On the 15th of February, the VMI Family lost one of its most distinguished Alumni, Colonel William Dabney ’61, USMC (The announcement can be found on The Institute’s website). Colonel Dabney served with distinction in Vietnam, commanding two rifle companies of Marines in defense of Hill 881 South (Hat Tip to CDR Salamander). For his actions, during the Siege of Khe Sanh, Colonel Dabney received the Navy Cross, the Marine Corps’ second-highest award for valor. Colonel Dabney eventually returned to The Mother I to serve as Commandant of Cadets, influencing a great many Cadets during their most formative years.
But the passing of Colonel Dabney is quite what makes him so special; he’s simply another warrior embarking on the great journey to Valhalla. No, it is what the Colonel’s story can teach us about leadership and personal courage. If you follow the two preceding links, you can read the story in full, including his citation for the Navy Cross. You can also read his remarks upon his receipt of the award.

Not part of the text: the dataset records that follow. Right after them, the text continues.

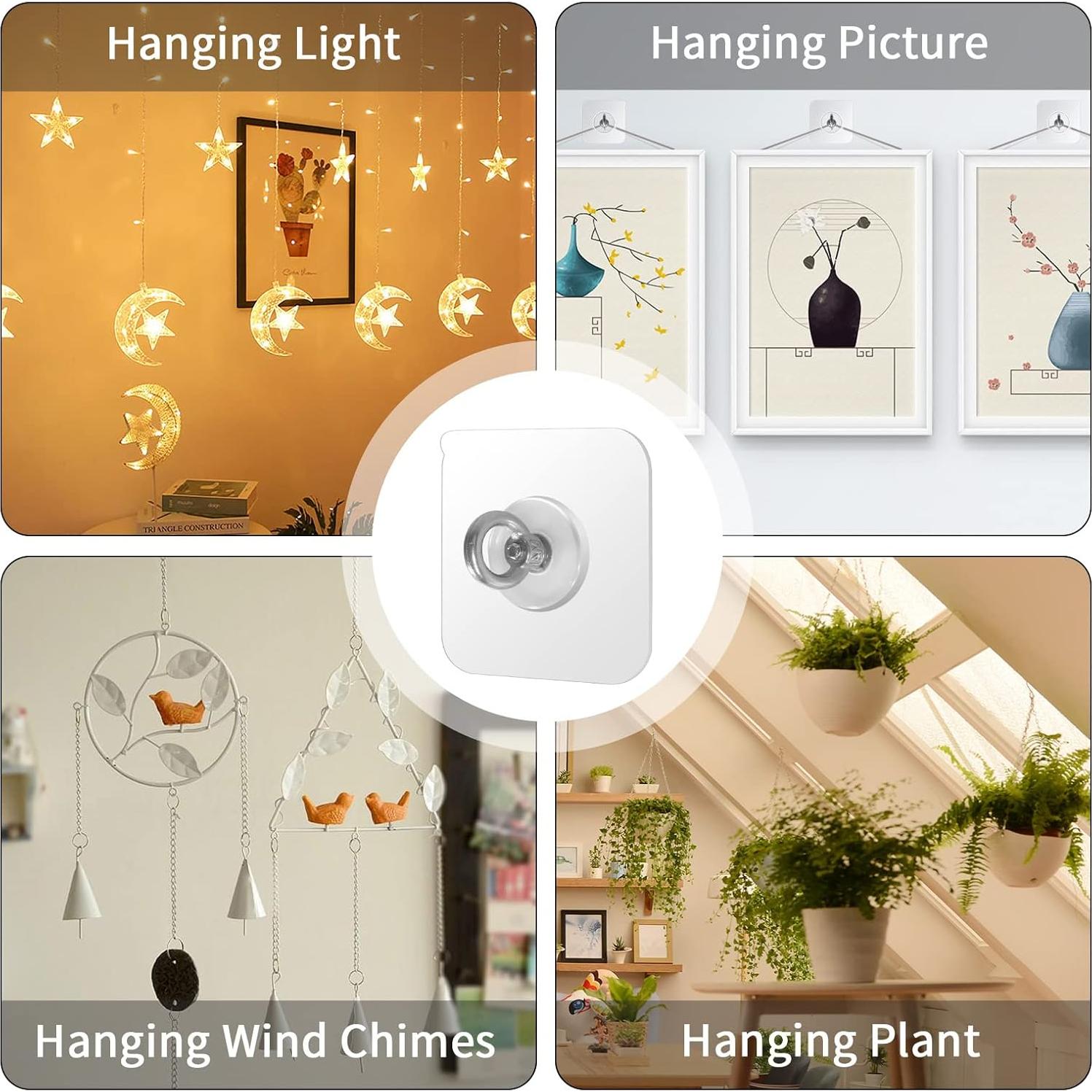 Ganchos Adhesivos para Techo Ginmino, Acero Inoxidable, 4 Pcs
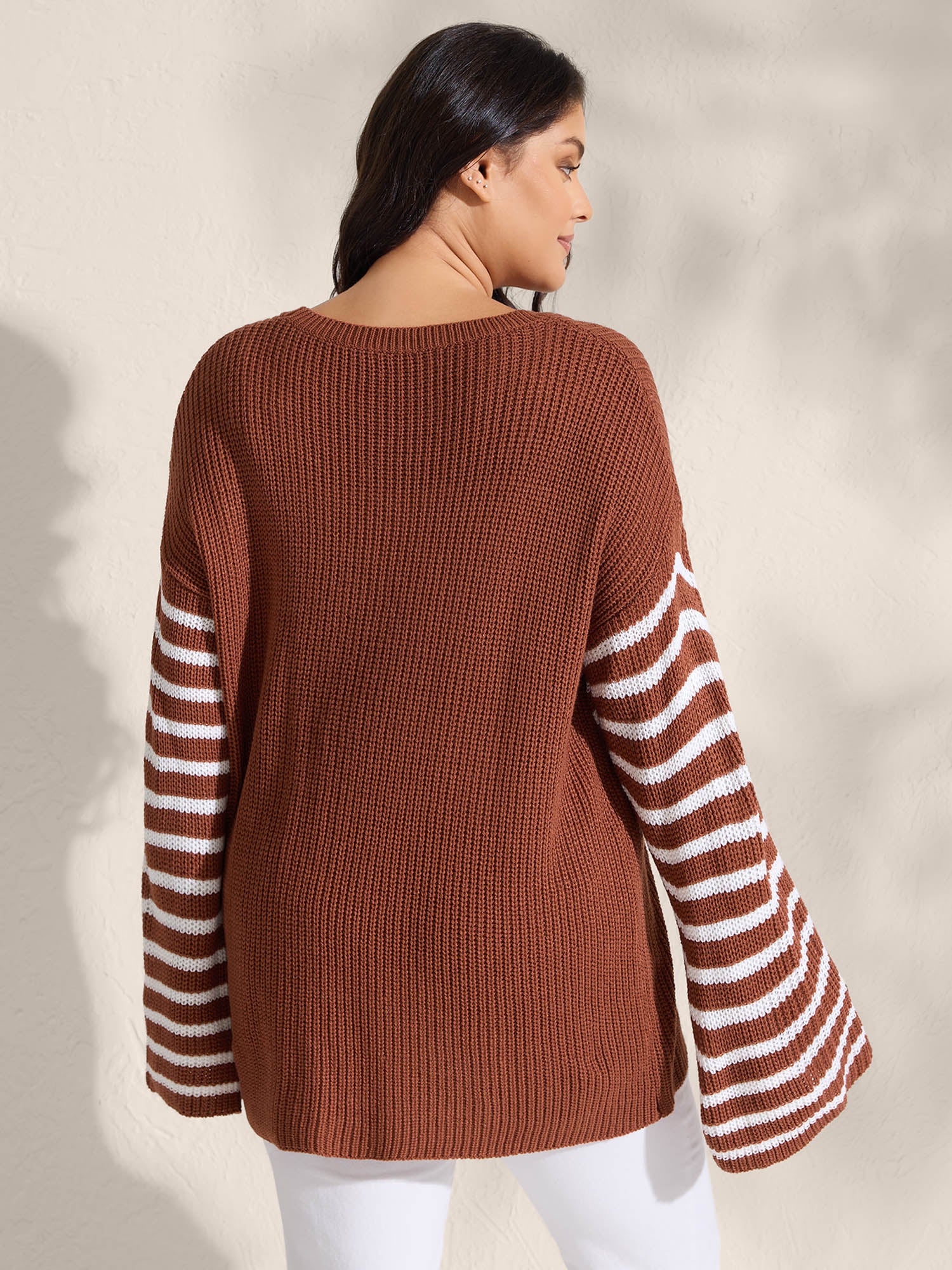 Striped Print Textured Drop Shoulder Pullover - Image 4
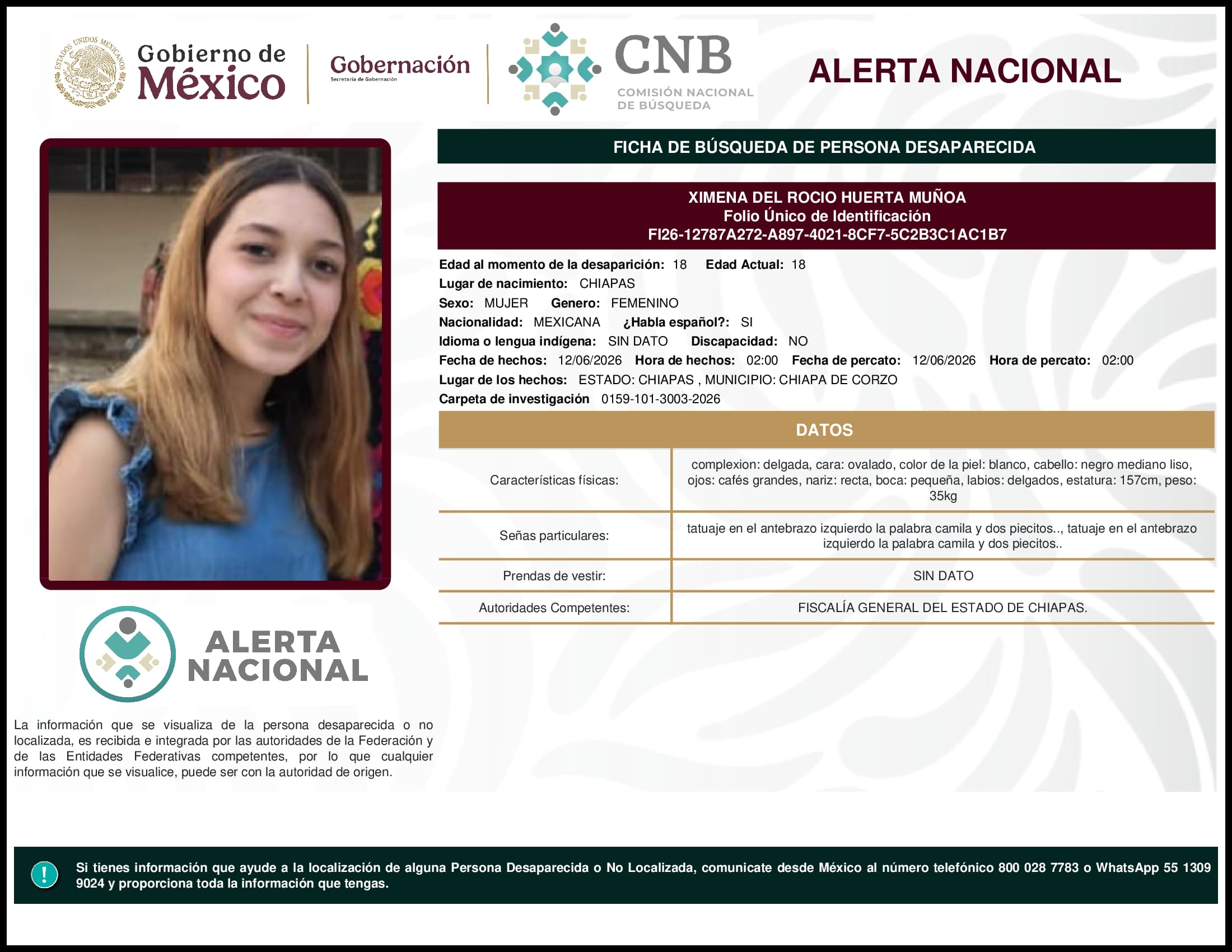 Persona desaparecida Ximena Del Rocio Huerta Munoa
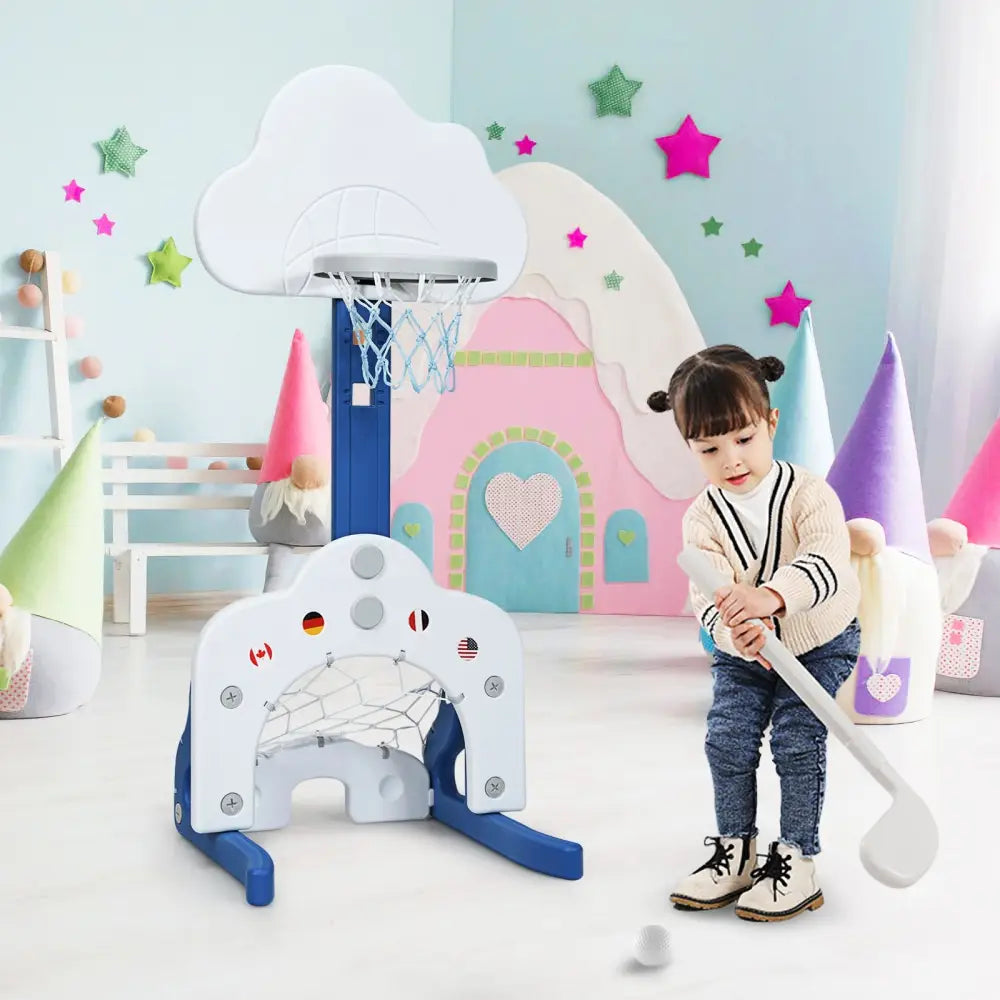 3-in-1 Kids Basketball Hoop Set with Balls-White - White - Toy Sports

Will the VMI Corps of Cadets please rise. (All seats remaining vacant after invited guests were seated had been occupied by cadets.)Our generation – these men who just stood before you – came home from war to a nation not much disposed to honor the nobility of their service. Today, as Pete said a few years late, you gave us our parade. Thank you!(Audience and Warriors applauded the cadets)Many of you will soon shoulder the responsibility of command leading the citizen soldiers of your generation. Eight of your number have already given their lives in the cause of freedom in Iraq or Afghanistan. Should you be called upon to take America’s patriots in harm’s way, you will find awesome, as I did in my time, their courage and determination. The experience will become the signal moment in your lives. We wish you God speed, and we salute you. (Another round of applause with the loudest and most robust coming from those 40 men in the front rows of Jackson Memorial Hall.)